Mulheres associam-se às romarias quaresmais em São Miguel

Primeira romaria sai este sábado da Ribeira Chã, na Lagoa

Maria do Espírito Santo Medeiros foi a primeira romeira dos Açores e a responsável pela criação das romarias quaresmais femininas, depois de séculos em que a tradição esteve vedada às mulheres.

Estava em curso, há 20 anos, um conflito militar na antiga colónia portuguesa da Guiné-Bissau, quando Maria Medeiros, de 71 anos, decidiu, com a ajuda de um familiar, promoveu uma romaria à Ermida de Nossa Senhora da Paz, em Vila Franca do Campo, na ilha de São Miguel, algo que padecia da aprovação da Igreja. O objetivo era “pedir pela paz” para a ex-colónia portuguesa.

As romarias quaresmais açorianas terão surgido na sequência de terramotos e erupções vulcânicas ocorridas no século XVI na ilha de São Miguel, que arrasaram Vila Franca do Campo e causaram grande destruição na Ribeira Grande.

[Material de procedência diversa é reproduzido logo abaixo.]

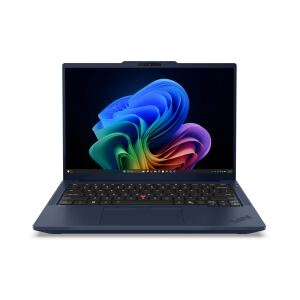 Lenovo ThinkPad T14 Gen 7 (Intel) Copilot+ PC Intel Core Ultra 5 325 Laptop 35,6 cm (14") WUXGA 16 GB LPDDR5x-SDRAM 512 GB SSD Wi-Fi 7 (802.11be) Windows 11 Pro Deutsch Blau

Milhares de homens, organizados em ranchos, por freguesia, dão a volta à ilha, a pé, rezando o terço, durante oito dias, parando em todas as igrejas e dormitando nos lares das comunidades por onde passam, onde são acolhidos voluntariamente.

Contrariamente às romarias masculinas, as femininas têm uma duração inferior a 24 horas, à exceção da Romaria feita pelo rancho de romeiras da Fajã de Cima, que envolve já três pernoitas.

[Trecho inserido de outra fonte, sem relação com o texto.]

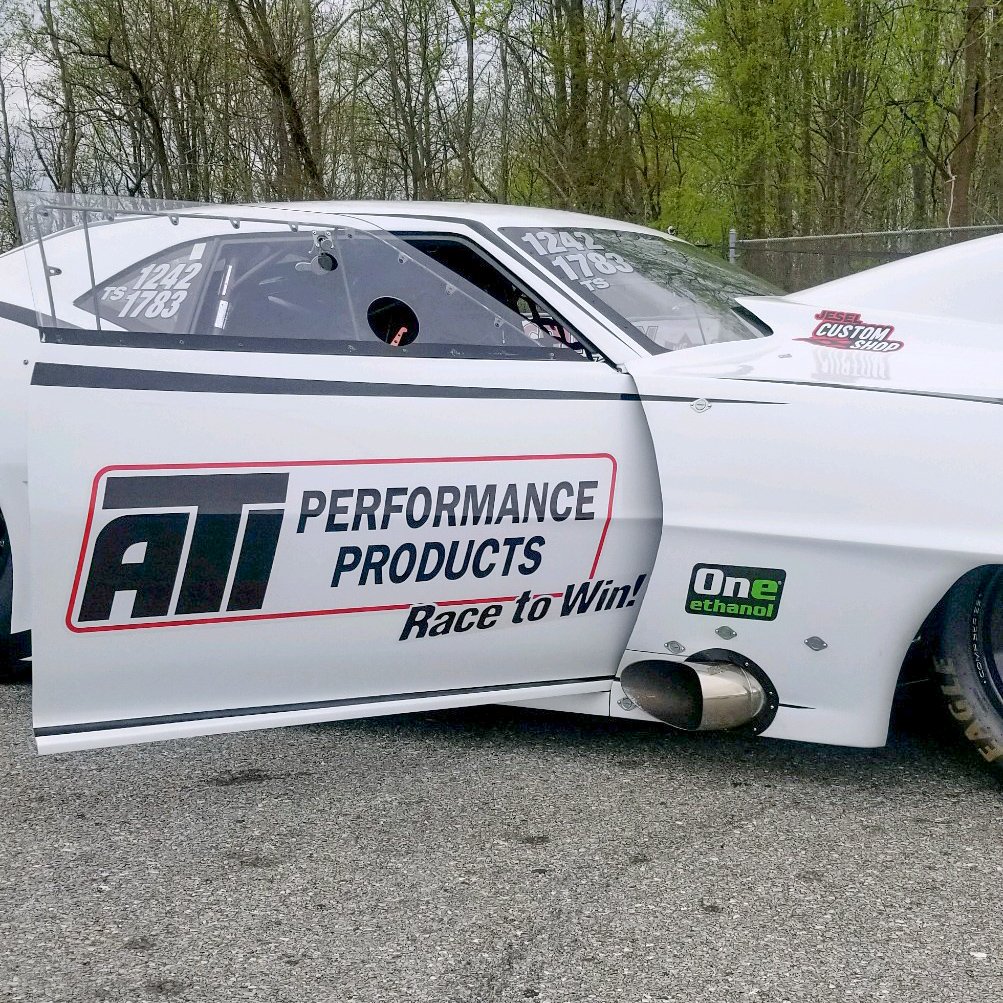 oneethanol's tweet photo. 6.76 at 201 MPH today by ATI Performance Products in their Top Sportsman #Camaro. Big things coming from ATI and One Ethanol! #atiracing #atiperformance #atiperformanceproducts #oneethanol #ethanol #biofuel https://t.co/rC7y7yWKiA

Para realizar a romaria feminina, Maria Medeiros procurou o pároco da sua freguesia, justamente a Fajã de Cima, a cinco quilómetros do centro de Ponta Delgada, que entrou em contacto com o bispo da Diocese de Angra.

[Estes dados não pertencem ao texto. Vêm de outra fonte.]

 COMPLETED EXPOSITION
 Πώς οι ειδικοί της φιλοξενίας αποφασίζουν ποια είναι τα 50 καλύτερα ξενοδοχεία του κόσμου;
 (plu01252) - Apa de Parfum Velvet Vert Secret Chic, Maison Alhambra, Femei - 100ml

O bispo deu o seu aval, mas impôs, segundo Maria Medeiros, que, contrariamente aos romeiros, que levam na sua caminhada um xaile, um lenço, um bordão e um terço, as mulheres usassem como indumentária apenas um lenço e um terço.

Estava aberto o precedente para que se pudessem realizar, então, romarias femininas, uma vez que as mulheres que participaram na marcha pela paz insistiram em continuar, anualmente, pela Quaresma, pretensão que não era bem acolhida pela maioria dos romeiros, como explica a promotora da iniciativa.

“No princípio, saíamos numa sexta-feira da Fajã de Cima, em romaria para a Senhora da Paz, durante a noite. Durante muitos anos, fomos para aquela ermida, saindo na semana dos ramos, para chegar no domingo e integrar a procissão da freguesia”, declarou, explicando que no primeiro ano foram 30 as mulheres romeiras, mas chegaram a ser 135, “uma vez que começaram a vir pessoas das outras freguesias”.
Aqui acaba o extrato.